■ Aim of the task: A word-for-word copy of the data, pictures excluded, is what this task asks for.

■ Information provided:
++++++++++
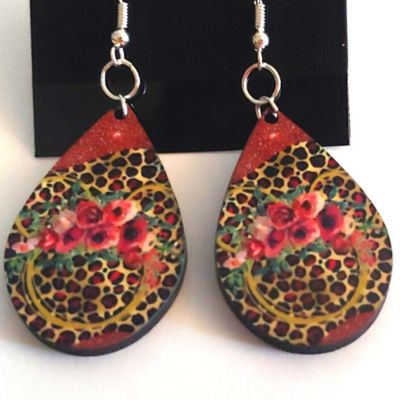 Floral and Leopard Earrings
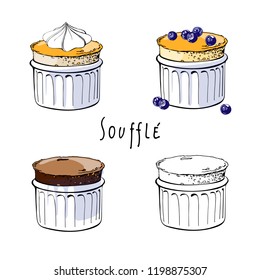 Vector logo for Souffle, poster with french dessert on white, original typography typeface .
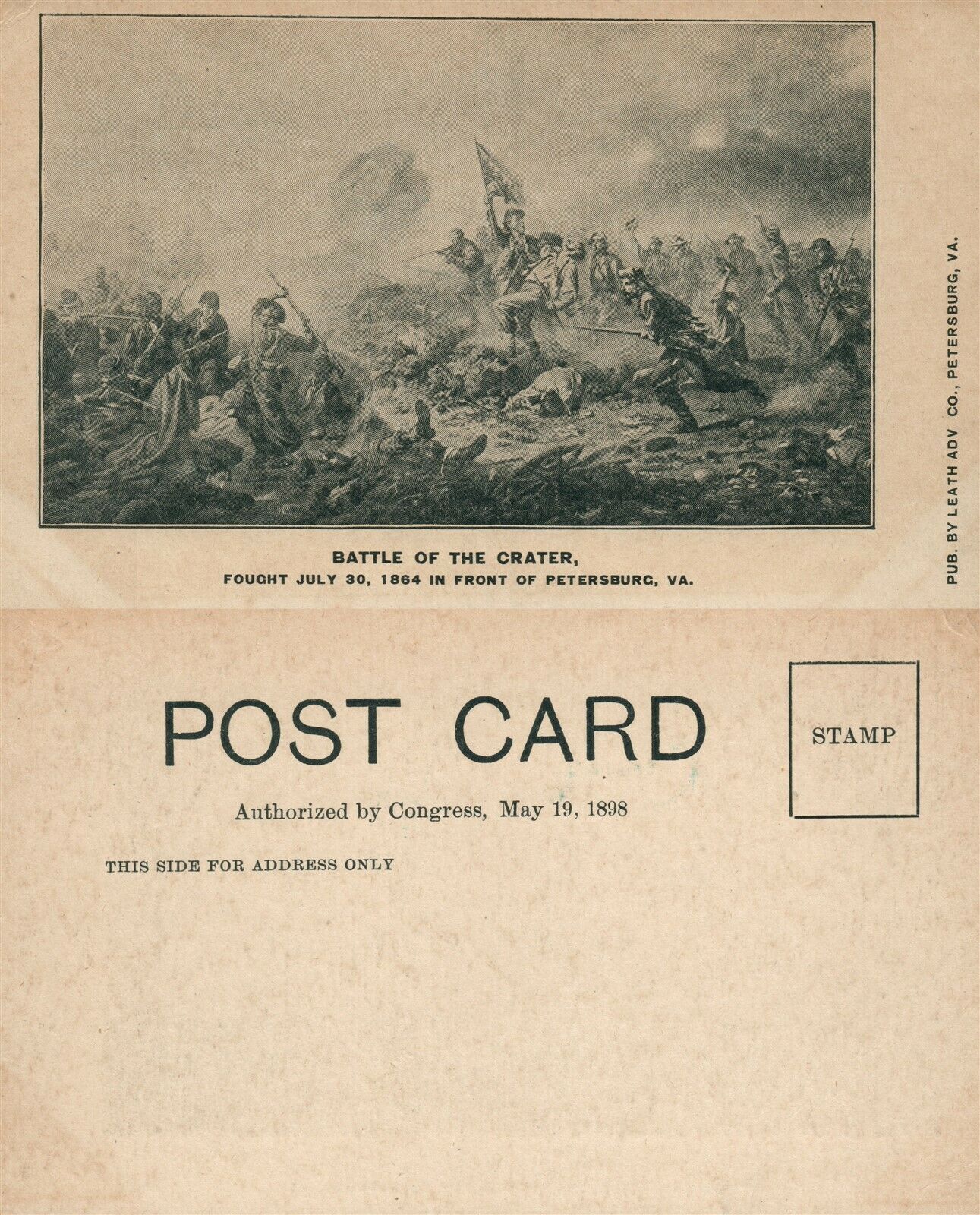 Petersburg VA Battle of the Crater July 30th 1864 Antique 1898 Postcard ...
++++++++++
■ Response to this exercise:
 Floral and Leopard Earrings
 Vector logo for Souffle, poster with french dessert on white, original typography typeface .
 Petersburg VA Battle of the Crater July 30th 1864 Antique 1898 Postcard ...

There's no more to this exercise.